Bukan saja saat bencana ulah manusia ini terjadi, tapi setelah bencana itu sendiri mereda habis melantak lahan dan pemukiman rakyat yang rata dengan tanah.
Obat tang terlambat datang untuk orang yang sakit ini, persis seperti bantuan makanan untuk hari ini yang tertunda hingga esok.
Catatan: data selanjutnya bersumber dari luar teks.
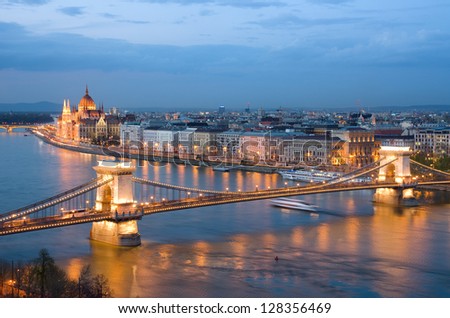 Budapest, night view of Chain Bridge on the Danube river and the city of Pest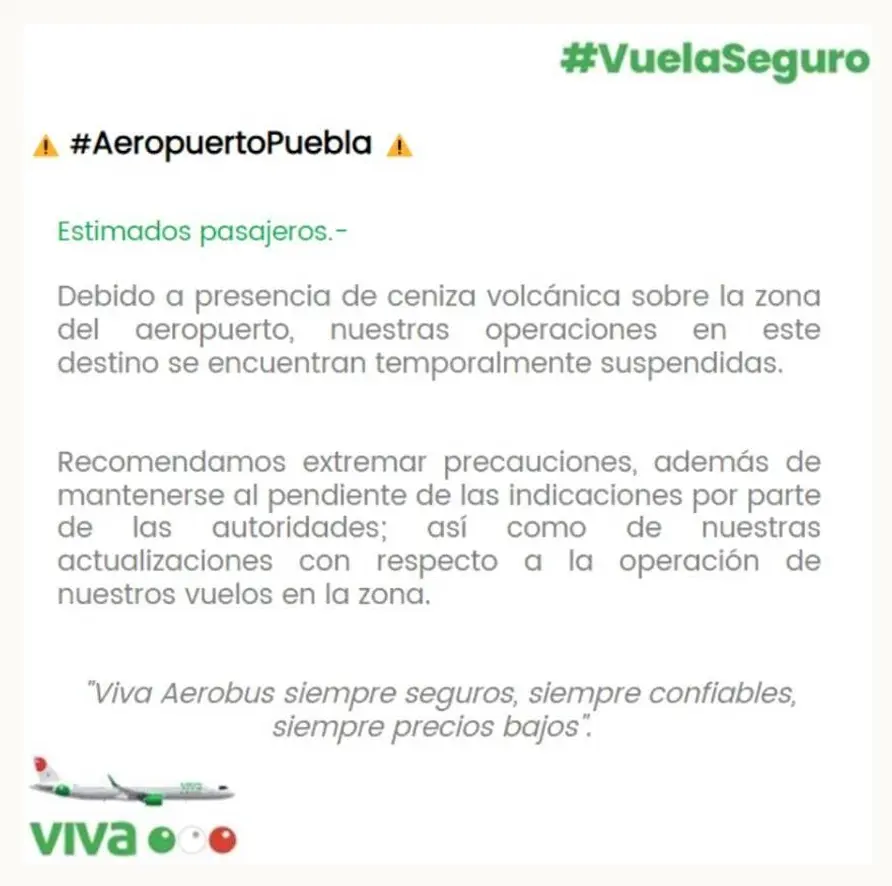 Suspenden vuelos en Aeropuerto de Puebla por caída de ceniza del Popocatépetl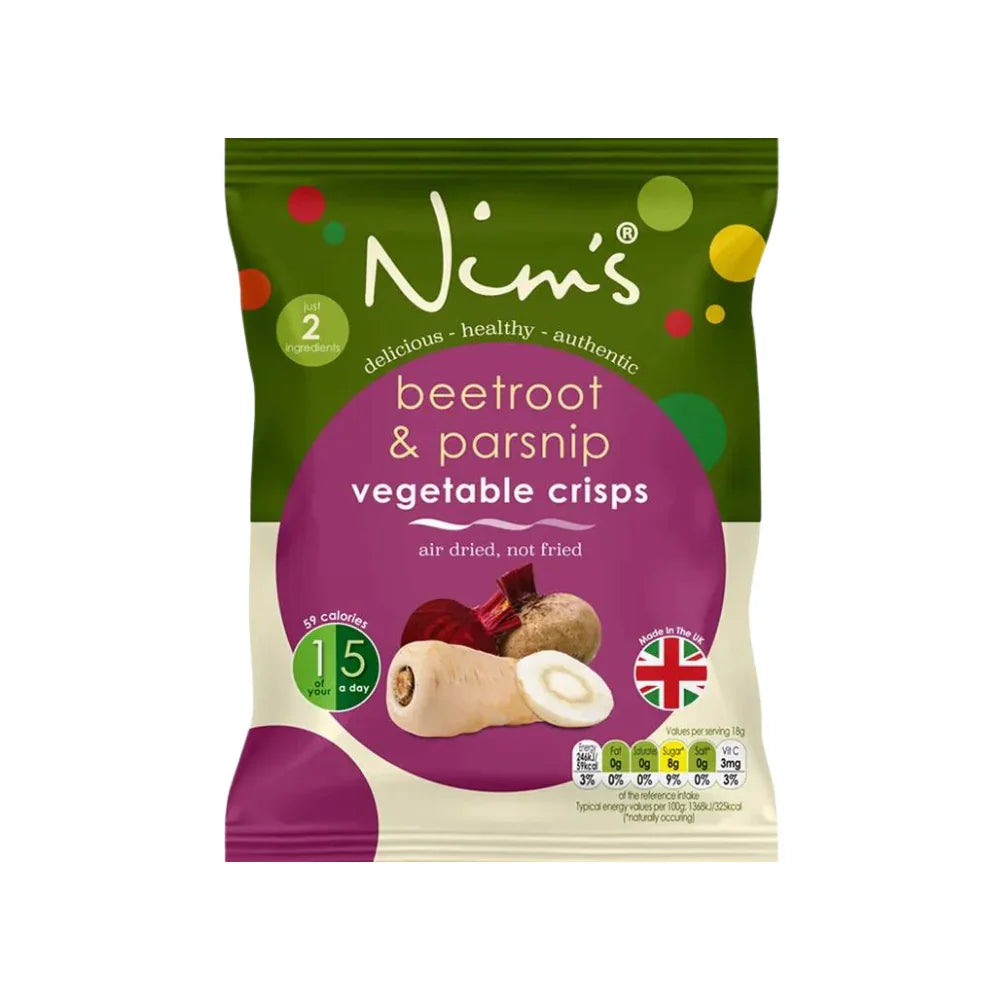 Nim's Naturally beetroot and parsnip air-dried vegetable crisps, whole veg snack pack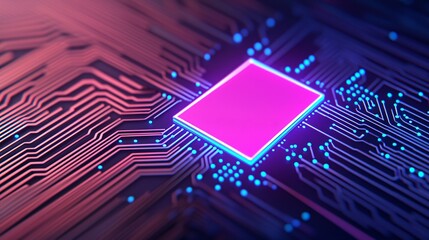 Poster - glowing pink microchip on neon circuit board technology background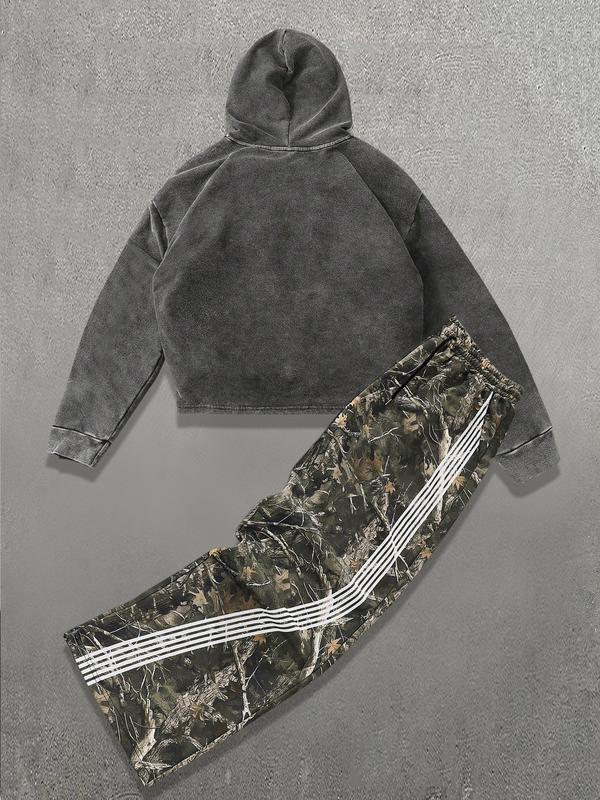 Two-Piece Set Men's Camo Print Sweatshirt & Sweatpants Set, Regular Fit Casual Long Sleeve Pullover & Jogger Pants, Men's Two-piece Outfits for Daily Wear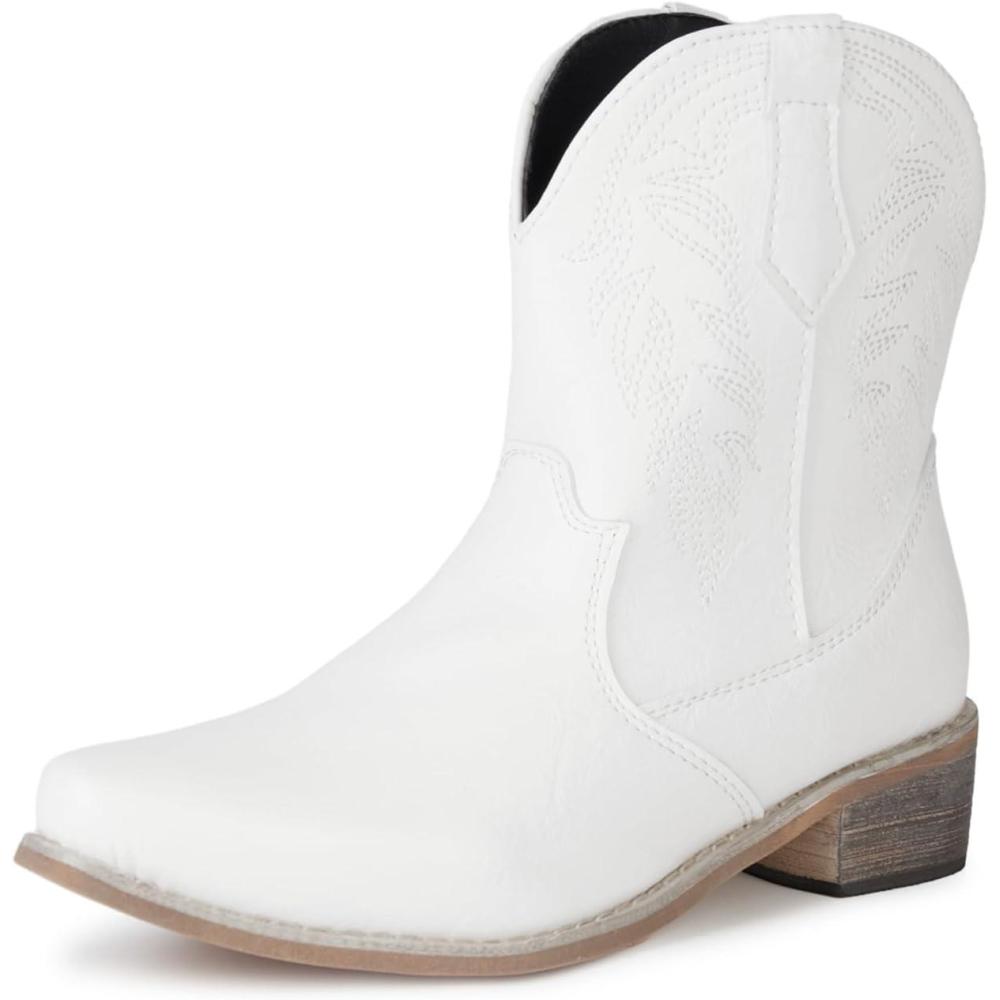 imageRemxi Bottines de cowboy western bout pointu pour femmeBlanc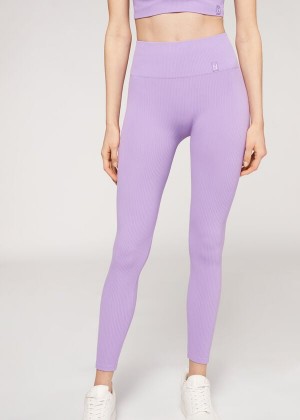 Calzedonia Fine Ribbed Seamless Sport Women's Leggings Purple | CA 1541PQ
Padahal daya tahan warga masyarakat yang terkena bencana tidak bisa ditunda sejenak pun, sebab kindisinya amat sangat gawat dan parah.
Jadi, bisa segera dibayangkan kelemahan fisik, mental — bahkan mungkin juga moral — akibat dera derita yang disebabkan oleh bencana ulah manusia ini — tak hanya sekedar lapar, sebab bukan hanya kuali dab periuk tempat menanak nasi itu yang hilang, tapi dapur di rumah itu sudah terhubung lumpur yang tertindih oleh pohon hasil tebangan liar yang tak lagi pernah mau diakui oleh pemiliknya.
Masalahnya bukan saja untuk memasak air bersih yang tiada ada di lokasi bencana itu sangat dibutuhkan, tapi sekedar untuk merebahkan diri agar tidak ikut tumbang seperti sanak famili dan saudara lainnya, pun tiada lagi tersedia.
Bahkan semua tempat pun sudah dipenuhi hasil gelontoran sungai yang meluapkan kemarahannya, entah untuk siapa. Sebab yang pasti dera dan deritanya adalah rakyat juga yang menerima dampaknya.
Sejumlah bantuan oabdan dan obat-obatan itu datang setelah jumlah korban semakin banyak bergelimpangan akibat tak lagi memiliki daya tahan akibat luka, patah tulang bahkan terserang angin malam yang dingin dengan perut kosong yang tidak terusi oleh sepotong makanan apapun.
Bahkan sekedar untuk meredakan rasa haus, air di sungai yang keruh itu pun tak bisa dipaksa untuk dikonsumsi, meski sekedar untuk menunda kematian.